Real datasets rarely have every set the same size. Deep Sets handles this with a mask tensor: a float or bool tensor of shape (B, M) where 1 marks active elements and 0 marks padding.


Constructing a Mask

Pad all sets in a batch to the length of the longest set, then mark the real elements:

import torch
from deepsets import DeepSetsInvariant

# Suppose set sizes vary: [3, 5, 2, 4]
set_sizes = [3, 5, 2, 4]
max_size = max(set_sizes)         # 5
batch_size = len(set_sizes)
feature_dim = 8

# Allocate padded input tensor (zeros for padding)
x = torch.zeros(batch_size, max_size, feature_dim)
mask = torch.zeros(batch_size, max_size)   # (B, M)

for i, size in enumerate(set_sizes):
    x[i, :size] = torch.randn(size, feature_dim)   # fill real data
    mask[i, :size] = 1.0                            # mark real elements

Passing the Mask to the Model

Pass mask as the second argument to forward:

model = DeepSetsInvariant(
    input_dim=feature_dim,
    phi_hidden_dims=[32, 32],
    rho_hidden_dims=[32],
    output_dim=1,
    pool_type='sum',
)
model.eval()

with torch.no_grad():
    out = model(x, mask)   # (B, 1)
print(out.shape)            # torch.Size([4, 1])

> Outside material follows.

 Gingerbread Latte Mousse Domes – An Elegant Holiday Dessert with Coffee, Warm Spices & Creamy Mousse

All four model types (DeepSetsInvariant, DeepSetsEquivariant, PermutationEquivariantLayer, DeepSetsConditional) accept the same mask argument.


How Masking Works Internally

The _masked_pool utility applies masking differently for each pool type:

Padding positions are multiplied by zero before summing:

tensor = tensor * mask.unsqueeze(-1)   # zero out padding
result = tensor.sum(dim=1)

Padding positions are filled with −∞ so they can never be the maximum:

tensor = tensor.masked_fill(mask.unsqueeze(-1) == 0, float('-inf'))
result = tensor.max(dim=1)[0]

Padding is zeroed out and the denominator uses the actual set size:

masked = tensor * mask.unsqueeze(-1)
count  = mask.sum(dim=1, keepdim=True).clamp(min=1)
result = masked.sum(dim=1) / count

Gotcha — Max Pooling with All-Negative Values

If pool_type='max' and the active φ-outputs for a set are all negative, the max will be a large negative number — which is correct. The -inf fill ensures padding positions never "win" even when genuine values are negative.

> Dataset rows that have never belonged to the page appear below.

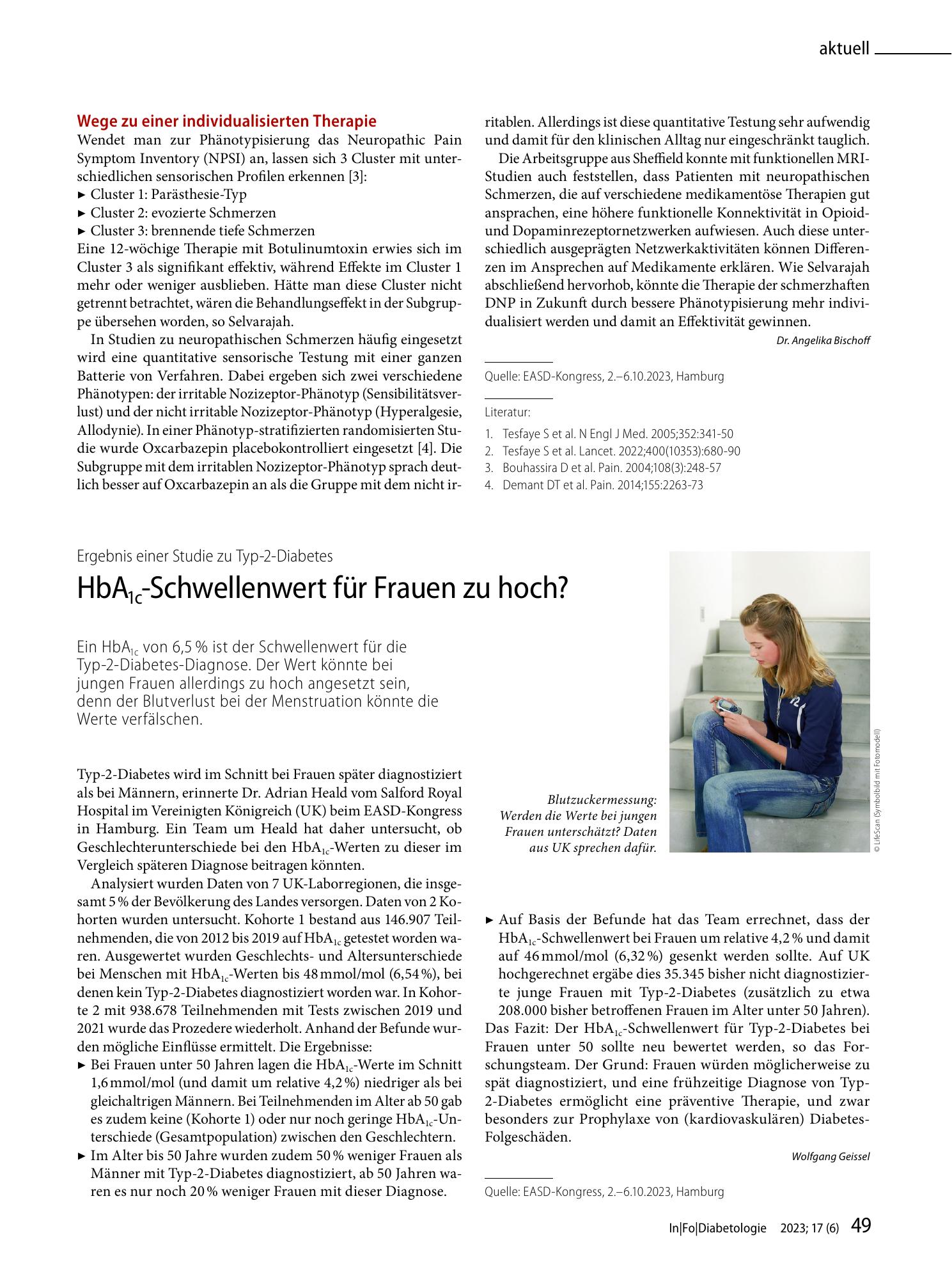 Vorschauseite 1: HbA1c-Schwellenwert für Frauen zu hoch?
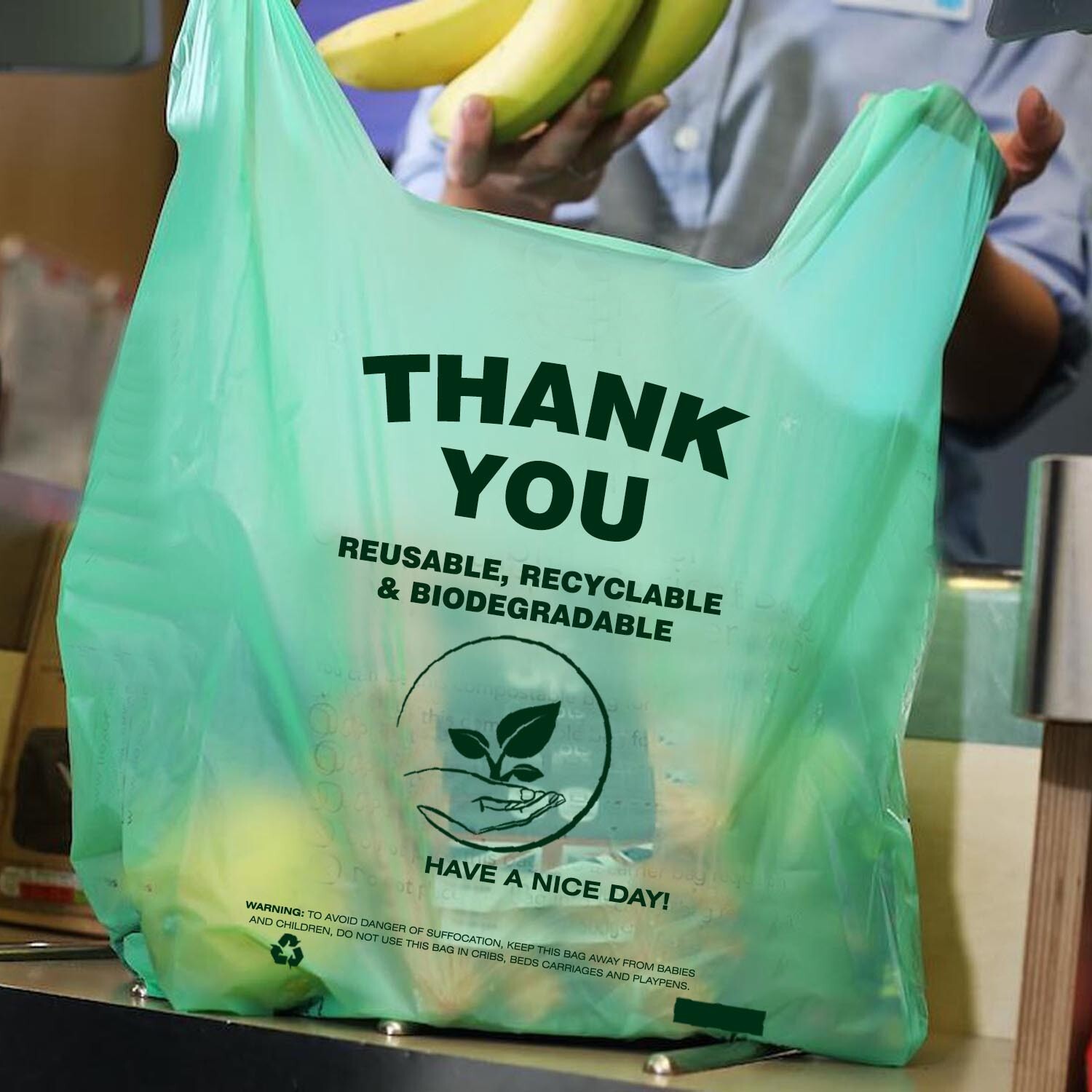 Biodegradable Thank You Carry-Out Bags 11.5×6.5×22 Shopping Bags T-Shirt Bags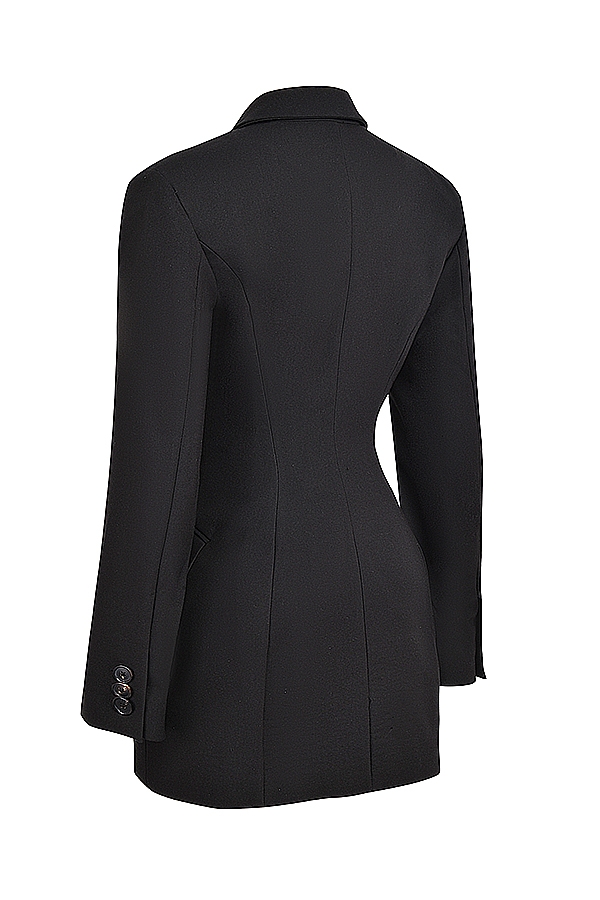 Amia-Black Blazer Mini Dress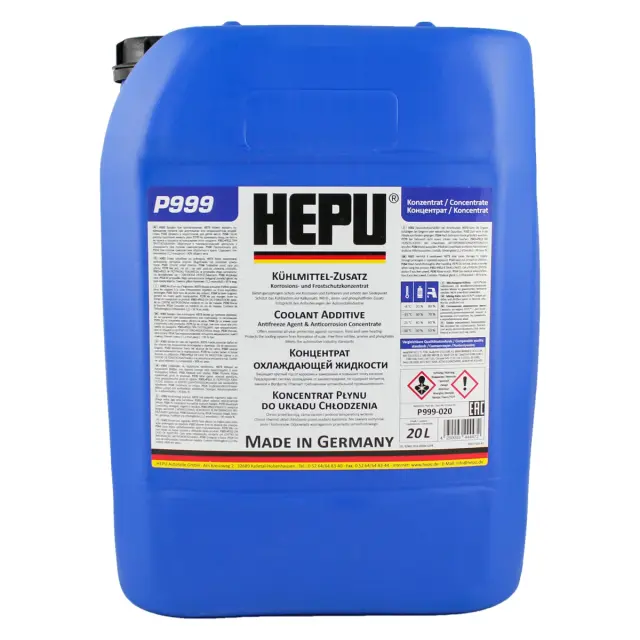Рідина охолоджуюча HEPU Антифриз -38 °C G11 синя концентрат 20 л (P999-020)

# All-negative example: verify masking still works correctly
model_max = DeepSetsInvariant(
    input_dim=1, phi_hidden_dims=[4], rho_hidden_dims=[4], output_dim=1,
    pool_type='max',
)
model_max.eval()

# Two sets: sizes 2 and 1
x_neg = torch.tensor([[[-1.0], [-2.0], [0.0]],   # set 1: real=[−1,−2], pad=[0]
                       [[-3.0], [0.0],  [0.0]]])  # set 2: real=[−3],   pad=[0,0]
mask_neg = torch.tensor([[1., 1., 0.], [1., 0., 0.]])

with torch.no_grad():
    out_masked   = model_max(x_neg, mask_neg)
    out_unmasked = model_max(x_neg)         # wrong: padding zeros may win

# out_masked reflects only real elements; out_unmasked may differ
print("masked  :", out_masked.squeeze().tolist())
print("unmasked:", out_unmasked.squeeze().tolist())

Warning

Always pass a mask when sets have padding. Without a mask, padded zero-vectors are treated as real elements, which can corrupt the pooled representation — especially for max pooling when all active values are negative.

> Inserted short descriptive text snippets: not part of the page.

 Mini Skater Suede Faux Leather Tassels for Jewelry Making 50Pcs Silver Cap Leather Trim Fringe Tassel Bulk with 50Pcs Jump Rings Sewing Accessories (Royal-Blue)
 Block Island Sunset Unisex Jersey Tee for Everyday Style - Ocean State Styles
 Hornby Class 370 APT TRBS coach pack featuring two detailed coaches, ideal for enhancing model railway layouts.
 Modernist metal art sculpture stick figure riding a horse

Masking with Equivariant Models

DeepSetsEquivariant propagates the mask through every internal PermutationEquivariantLayer. The output shape is still (B, M, output_dim) — padding positions in the output are undefined and should be ignored downstream.

from deepsets import DeepSetsEquivariant

eq_model = DeepSetsEquivariant(
    input_dim=feature_dim,
    hidden_dims=[32, 32],
    output_dim=4,
    pool_type='max',
)
with torch.no_grad():
    eq_out = eq_model(x, mask)        # (B, M, 4)

# Only use outputs for real positions:
for i, size in enumerate(set_sizes):
    real_out = eq_out[i, :size]       # (size, 4)